_What the task asks_: Of the material below, only the lines from the line containing "Princess Puzzles Little Printables" down to the line containing "Studio Pottery Lamp" belong in the answer, written out exactly.

_Material for this task_:
========

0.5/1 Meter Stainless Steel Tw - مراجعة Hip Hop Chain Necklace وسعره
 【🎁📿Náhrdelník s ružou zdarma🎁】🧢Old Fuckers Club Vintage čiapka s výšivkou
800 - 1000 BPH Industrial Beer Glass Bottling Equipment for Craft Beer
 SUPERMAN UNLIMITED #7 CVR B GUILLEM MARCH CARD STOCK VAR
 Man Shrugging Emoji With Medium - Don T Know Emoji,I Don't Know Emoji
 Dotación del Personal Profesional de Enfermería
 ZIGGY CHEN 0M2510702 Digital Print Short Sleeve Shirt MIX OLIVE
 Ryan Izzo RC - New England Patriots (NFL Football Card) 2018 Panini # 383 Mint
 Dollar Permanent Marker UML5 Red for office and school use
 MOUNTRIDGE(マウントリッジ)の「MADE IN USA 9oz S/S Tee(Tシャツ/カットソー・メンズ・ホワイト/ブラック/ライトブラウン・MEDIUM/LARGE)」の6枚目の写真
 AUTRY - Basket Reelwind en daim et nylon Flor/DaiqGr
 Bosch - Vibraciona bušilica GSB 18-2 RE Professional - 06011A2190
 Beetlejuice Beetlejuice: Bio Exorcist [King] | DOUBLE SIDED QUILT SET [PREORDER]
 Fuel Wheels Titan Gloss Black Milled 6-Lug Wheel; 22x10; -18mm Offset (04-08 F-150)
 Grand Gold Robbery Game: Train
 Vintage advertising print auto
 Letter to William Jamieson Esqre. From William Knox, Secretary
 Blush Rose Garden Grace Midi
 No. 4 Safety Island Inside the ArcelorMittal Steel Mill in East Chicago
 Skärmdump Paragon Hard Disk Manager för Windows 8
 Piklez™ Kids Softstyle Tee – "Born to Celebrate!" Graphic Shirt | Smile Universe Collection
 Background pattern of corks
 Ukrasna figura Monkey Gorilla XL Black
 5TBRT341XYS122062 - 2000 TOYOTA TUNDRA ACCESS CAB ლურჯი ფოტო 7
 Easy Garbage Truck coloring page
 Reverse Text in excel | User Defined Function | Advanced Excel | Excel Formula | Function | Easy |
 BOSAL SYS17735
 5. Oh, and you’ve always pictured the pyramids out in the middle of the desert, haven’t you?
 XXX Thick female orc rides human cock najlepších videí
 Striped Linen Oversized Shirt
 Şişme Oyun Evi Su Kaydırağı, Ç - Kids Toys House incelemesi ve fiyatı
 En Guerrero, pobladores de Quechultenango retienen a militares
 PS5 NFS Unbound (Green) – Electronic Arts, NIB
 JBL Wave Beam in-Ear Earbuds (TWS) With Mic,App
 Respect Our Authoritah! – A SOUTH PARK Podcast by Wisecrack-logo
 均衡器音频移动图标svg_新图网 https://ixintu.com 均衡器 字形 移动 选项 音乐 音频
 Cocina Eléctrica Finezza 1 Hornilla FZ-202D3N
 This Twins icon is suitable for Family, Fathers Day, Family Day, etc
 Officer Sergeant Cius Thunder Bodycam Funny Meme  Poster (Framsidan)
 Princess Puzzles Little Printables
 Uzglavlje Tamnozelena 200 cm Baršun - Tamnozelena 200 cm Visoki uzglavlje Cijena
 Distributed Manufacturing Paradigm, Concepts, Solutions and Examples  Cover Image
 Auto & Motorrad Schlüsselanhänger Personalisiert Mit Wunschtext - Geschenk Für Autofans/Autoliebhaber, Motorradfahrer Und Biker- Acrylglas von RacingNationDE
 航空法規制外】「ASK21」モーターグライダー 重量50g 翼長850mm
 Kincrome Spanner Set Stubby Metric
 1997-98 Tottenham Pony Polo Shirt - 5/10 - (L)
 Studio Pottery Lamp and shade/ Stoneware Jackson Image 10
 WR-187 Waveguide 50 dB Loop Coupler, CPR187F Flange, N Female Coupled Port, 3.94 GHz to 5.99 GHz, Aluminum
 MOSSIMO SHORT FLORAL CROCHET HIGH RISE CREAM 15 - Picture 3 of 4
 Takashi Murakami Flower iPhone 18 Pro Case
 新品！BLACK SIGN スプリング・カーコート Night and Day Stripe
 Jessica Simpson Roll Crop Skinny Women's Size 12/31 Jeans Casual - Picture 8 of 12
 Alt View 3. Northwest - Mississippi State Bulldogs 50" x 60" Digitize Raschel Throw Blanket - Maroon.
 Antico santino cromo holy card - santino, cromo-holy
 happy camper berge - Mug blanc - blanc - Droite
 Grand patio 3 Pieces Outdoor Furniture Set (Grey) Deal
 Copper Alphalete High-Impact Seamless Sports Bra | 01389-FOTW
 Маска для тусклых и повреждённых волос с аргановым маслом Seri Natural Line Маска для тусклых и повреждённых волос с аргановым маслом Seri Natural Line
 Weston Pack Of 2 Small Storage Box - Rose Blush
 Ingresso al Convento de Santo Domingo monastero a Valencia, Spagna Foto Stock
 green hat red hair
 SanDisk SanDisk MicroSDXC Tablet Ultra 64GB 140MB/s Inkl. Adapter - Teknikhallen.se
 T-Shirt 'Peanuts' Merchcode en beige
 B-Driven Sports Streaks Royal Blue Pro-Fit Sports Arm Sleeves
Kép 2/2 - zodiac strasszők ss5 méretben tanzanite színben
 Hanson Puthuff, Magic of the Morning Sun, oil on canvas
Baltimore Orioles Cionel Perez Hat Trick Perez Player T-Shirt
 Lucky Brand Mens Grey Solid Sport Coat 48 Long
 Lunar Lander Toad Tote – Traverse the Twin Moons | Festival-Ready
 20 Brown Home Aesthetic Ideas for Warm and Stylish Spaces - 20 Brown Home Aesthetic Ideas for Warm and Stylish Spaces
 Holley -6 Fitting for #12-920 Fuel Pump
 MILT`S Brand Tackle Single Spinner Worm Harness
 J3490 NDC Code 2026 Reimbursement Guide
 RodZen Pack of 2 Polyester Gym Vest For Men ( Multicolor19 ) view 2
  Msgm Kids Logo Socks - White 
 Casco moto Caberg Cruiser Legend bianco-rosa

========

_Answer box_:
 Princess Puzzles Little Printables
 Uzglavlje Tamnozelena 200 cm Baršun - Tamnozelena 200 cm Visoki uzglavlje Cijena
 Distributed Manufacturing Paradigm, Concepts, Solutions and Examples  Cover Image
 Auto & Motorrad Schlüsselanhänger Personalisiert Mit Wunschtext - Geschenk Für Autofans/Autoliebhaber, Motorradfahrer Und Biker- Acrylglas von RacingNationDE
 航空法規制外】「ASK21」モーターグライダー 重量50g 翼長850mm
 Kincrome Spanner Set Stubby Metric
 1997-98 Tottenham Pony Polo Shirt - 5/10 - (L)
 Studio Pottery Lamp and shade/ Stoneware Jackson Image 10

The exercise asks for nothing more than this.